I definitely agree with what's said above with keeping your head up and eyes out in front (whether mobile, stopping, or stopped). Aside from the obvious awareness factor, I find it also imparts better balance and keeps you appropriately at the ready when coming to a stop. Most of the time at stop signs, I come to a complete stop without touching down before I throttle off again. I don't recommend you do this, but in time it should become easy. And I do this not only on the Versys, but also my Bandit, which is about 100lbs heavier and feels MUCH more top heavy at low speeds if you can imagine that.

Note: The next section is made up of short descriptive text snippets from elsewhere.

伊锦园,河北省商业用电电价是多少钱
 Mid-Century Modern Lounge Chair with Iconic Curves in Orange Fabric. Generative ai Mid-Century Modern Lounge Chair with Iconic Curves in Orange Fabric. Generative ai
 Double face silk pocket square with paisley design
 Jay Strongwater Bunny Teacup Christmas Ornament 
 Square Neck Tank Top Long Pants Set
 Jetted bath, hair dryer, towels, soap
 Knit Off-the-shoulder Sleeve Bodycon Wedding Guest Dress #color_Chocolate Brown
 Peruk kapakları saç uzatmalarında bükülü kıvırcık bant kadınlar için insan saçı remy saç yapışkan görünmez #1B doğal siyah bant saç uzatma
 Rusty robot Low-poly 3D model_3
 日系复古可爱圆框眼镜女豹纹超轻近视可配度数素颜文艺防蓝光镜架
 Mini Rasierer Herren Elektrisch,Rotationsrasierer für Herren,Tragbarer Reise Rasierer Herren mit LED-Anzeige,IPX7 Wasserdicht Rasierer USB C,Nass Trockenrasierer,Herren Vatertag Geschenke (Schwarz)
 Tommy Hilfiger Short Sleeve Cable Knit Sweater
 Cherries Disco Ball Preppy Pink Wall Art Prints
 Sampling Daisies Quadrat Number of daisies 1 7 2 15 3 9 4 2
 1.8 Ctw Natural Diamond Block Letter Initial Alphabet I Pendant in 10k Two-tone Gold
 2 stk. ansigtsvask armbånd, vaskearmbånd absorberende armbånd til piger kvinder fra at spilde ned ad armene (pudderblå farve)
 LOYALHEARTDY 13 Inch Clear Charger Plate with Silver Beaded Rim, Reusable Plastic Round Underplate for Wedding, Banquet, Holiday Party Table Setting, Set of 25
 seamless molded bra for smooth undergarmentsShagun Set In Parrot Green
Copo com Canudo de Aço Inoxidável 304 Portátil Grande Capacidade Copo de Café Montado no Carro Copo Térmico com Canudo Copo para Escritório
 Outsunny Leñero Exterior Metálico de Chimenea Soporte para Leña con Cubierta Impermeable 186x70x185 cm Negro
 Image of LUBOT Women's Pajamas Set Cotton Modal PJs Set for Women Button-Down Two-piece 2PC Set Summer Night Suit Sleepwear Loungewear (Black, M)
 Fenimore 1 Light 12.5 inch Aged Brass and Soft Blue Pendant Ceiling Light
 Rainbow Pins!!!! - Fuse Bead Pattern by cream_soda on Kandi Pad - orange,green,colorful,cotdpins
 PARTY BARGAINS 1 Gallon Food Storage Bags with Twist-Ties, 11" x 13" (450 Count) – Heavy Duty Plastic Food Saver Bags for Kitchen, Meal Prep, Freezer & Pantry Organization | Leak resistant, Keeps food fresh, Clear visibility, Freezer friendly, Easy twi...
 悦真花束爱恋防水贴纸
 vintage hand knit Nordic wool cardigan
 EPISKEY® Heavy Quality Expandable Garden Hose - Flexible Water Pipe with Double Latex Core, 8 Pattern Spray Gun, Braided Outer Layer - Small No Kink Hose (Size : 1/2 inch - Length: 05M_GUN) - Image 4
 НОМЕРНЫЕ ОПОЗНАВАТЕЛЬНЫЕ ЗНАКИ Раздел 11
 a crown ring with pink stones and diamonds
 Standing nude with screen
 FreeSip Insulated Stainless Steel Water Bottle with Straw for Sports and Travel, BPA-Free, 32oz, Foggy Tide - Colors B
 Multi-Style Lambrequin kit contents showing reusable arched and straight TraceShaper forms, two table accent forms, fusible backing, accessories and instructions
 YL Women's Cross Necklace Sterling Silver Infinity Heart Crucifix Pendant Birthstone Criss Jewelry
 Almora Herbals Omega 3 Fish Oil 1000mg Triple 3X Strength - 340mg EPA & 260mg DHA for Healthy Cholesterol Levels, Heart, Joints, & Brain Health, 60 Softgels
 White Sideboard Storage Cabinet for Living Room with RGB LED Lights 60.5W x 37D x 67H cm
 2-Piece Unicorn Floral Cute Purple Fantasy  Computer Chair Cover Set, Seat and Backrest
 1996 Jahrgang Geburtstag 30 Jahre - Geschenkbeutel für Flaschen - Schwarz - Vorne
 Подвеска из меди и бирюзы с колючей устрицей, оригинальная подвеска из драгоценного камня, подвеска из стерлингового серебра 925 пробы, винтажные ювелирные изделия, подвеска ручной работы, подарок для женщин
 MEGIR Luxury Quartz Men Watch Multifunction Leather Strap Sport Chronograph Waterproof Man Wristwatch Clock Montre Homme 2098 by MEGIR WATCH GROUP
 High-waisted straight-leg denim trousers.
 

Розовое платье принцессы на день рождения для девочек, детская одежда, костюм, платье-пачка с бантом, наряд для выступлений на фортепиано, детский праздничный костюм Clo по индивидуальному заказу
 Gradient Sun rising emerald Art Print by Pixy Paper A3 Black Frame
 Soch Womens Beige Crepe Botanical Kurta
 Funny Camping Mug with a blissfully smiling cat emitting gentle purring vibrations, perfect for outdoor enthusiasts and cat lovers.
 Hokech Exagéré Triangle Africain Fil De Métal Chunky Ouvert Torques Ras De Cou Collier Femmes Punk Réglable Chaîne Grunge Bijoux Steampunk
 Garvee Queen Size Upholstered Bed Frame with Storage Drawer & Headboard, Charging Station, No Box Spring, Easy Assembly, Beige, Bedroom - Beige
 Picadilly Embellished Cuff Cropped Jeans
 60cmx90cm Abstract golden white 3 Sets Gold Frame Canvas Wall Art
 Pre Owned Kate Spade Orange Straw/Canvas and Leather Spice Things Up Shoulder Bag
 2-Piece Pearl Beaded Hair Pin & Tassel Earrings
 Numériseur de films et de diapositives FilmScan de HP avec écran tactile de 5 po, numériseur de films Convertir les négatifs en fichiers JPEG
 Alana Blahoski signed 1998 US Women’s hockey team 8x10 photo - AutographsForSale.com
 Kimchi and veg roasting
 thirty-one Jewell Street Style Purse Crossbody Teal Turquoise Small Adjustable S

Also, since I suspect approaching a stop is putting you on edge due to the drops you mentioned, the simplest thing to do before that gradual slow down? Remember to breathe. I know it sounds corny, but before you even begin downshifting, take a few nice and easy but deliberate breaths in through the nose and out through the mouth. The calm is quick and effective, and calm is precisely what's needed in a routine stop. Heck, even in a panic stop so as not to slam the controls and lock your wheels.
Finally, head to a large empty parking lot and practice moving very slow in a straight line using clutch and throttle control. Again, this sounds silly, but it will make subtle clutch and throttle inputs second nature so that your balance when coming to a stop really just takes care of itself. It's almost like a race of the slowest, where the winner is the rider who is last to the finish line due to maintaining balance and forward momentum in the slowest way possible. You basically want to master moving as slow and stable as you feel comfortable with, without the feeling of "I'm about to drop this bike".
After some of the slow speed stuff, take a shift up with a little speed, then a shift back down as you come to a complete stop using light brake modulation. You want to really feel the brakes doing their job from the range of only slightly engaging toward the gradual engagement of actually bringing the bike to a halt. Once you feel abundantly comfortable with all of that, you can eventually take on practicing your panic stops in a large parking lot, an underrated and often overlooked exercise. Don't tackle all of that at once though, first just get comfy with moving slow as you feel comfortable with and bringing the bike to a picture perfect stop every time.
No dangling feet either, it's an awful habit to develop on hard surfaces. Feet should be on the pegs until that last moment when the bike is coming to a stop, and they should be back on the pegs as soon as you begin moving forward. This is another habit to nail down when working on the stuff above.